We use pre-commit to ensure code quality standards are met before changes are committed. This repository is configured to use our existing Hatch environments for these checks, guaranteeing consistency with CI/CD pipelines.

Setup:

  1. Install pre-commit globally or in your local virtual environment:

    uv pip install pre-commit
  2. Install the git hook scripts:

    pre-commit install

Usage:

Once installed, pre-commit will automatically run on the modified files whenever you commit. To run the hooks manually on all files:

pre-commit run --all-files

Git Workflow & Branching

We follow a structured branching strategy to maintain a clean git history.

  1. Branch Naming:

    • Feature branches: feature/short-description
    • Bug fixes: bugfix/short-description
    • Documentation: docs/short-description
  2. Commit Messages: We encourage following Conventional Commits.

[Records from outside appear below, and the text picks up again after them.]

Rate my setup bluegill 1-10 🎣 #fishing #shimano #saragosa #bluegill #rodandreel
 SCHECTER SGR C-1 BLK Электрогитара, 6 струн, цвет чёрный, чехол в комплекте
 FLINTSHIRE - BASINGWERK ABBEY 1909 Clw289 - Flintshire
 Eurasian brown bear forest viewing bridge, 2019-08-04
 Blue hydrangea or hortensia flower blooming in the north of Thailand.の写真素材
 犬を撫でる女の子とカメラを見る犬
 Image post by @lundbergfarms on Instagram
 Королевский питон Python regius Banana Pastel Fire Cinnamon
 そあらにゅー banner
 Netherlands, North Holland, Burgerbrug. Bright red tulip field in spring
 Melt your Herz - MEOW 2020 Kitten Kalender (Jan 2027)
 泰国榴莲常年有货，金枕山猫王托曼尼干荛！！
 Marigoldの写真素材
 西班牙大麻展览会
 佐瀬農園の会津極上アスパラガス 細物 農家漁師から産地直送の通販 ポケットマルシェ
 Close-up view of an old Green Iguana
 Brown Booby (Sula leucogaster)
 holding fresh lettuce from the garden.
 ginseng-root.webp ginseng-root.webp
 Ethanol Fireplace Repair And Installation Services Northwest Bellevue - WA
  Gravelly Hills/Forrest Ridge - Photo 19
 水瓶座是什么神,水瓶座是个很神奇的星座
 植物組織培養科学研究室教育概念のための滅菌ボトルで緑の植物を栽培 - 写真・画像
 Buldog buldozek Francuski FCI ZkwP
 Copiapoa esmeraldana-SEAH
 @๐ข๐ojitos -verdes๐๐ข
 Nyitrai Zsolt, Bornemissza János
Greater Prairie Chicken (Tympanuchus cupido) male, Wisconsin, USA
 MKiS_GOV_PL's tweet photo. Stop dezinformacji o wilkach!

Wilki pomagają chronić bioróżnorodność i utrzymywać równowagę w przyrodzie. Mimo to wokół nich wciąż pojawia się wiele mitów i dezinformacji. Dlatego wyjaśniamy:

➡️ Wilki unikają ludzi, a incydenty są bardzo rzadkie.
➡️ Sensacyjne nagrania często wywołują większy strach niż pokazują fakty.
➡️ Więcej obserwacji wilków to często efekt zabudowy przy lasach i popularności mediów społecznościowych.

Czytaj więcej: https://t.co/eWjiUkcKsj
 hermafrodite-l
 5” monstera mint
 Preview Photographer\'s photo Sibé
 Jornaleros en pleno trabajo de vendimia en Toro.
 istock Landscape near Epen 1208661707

    • feat: add new user endpoint
    • fix: resolve crash on startup
    • docs: update developing guide
  3. Pull Requests:

    • Push your branch to the remote repository.
    • Open a Pull Request against the main branch.
    • Ensure all CI checks (tests, linters) pass.
    • Request a review from at least one core maintainer.

CI/CD Architecture

This repository uses a modular, standardized GitHub Actions architecture. Workflows are divided into core lifecycle events and reusable helper templates.

Lifecycle Workflows

Workflow Trigger Purpose
Development (development.yml) Pull Request to main Runs quality gates, security audits, unit/integration tests, and builds documentation previews. Blocks merges if checks fail.
Main (main.yml) Push to main Post-merge validation. Runs unit/integration/e2e tests, quality/security checks, and updates the latest documentation.
Nightly (nightly.yml) Cron (Daily 00:00 UTC) Runs extended regression tests, alpha builds, nightly documentation deployment, and deeper security analysis.
Release (release.yml) Push of v*.*.* tag Performs full verification, builds immutable release packages, versioned documentation, and publishes artifacts.
Weekly (weekly.yml) Cron (Sun 00:00 UTC) Conducts dependency hygiene and full test suite regression to catch configuration drift.

PR Feedback & Cleanup

  • Safe PR Commenting: The pr_comment.yml workflow uses workflow_run to securely post CI status comments on pull requests, circumventing write permission limits on forks.
  • Environment Cleanup: When a PR is closed or merged, development_cleanup.yml automatically removes ephemeral documentation environments and artifacts to maintain a clean workspace.

Reusable Templates

Our pipelines rely on modular templates located in .github/workflows/_*.yml (e.g., _tests.yml, _quality.yml, _docs.yml, _security.yml, _build_package.yml). This ensures testing granularity and linting rules remain perfectly consistent across all stages of the software lifecycle.

Building Documentation

Our documentation is built using MkDocs Material. To preview documentation changes locally:

# Hatch manages the isolated docs environment
# Serve documentation on http://127.0.0.1:8000 with hot-reload
hatch run docs:serve

For further assistance, please refer to our SUPPORT.md.